### [The data]
····················
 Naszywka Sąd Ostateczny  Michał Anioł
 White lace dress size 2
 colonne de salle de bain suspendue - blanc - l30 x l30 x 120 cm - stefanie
····················
### [What you are asked to do]
Repeat every line of the data, exactly and in full.

### [Task output]
 Naszywka Sąd Ostateczny  Michał Anioł
 White lace dress size 2
 colonne de salle de bain suspendue - blanc - l30 x l30 x 120 cm - stefanie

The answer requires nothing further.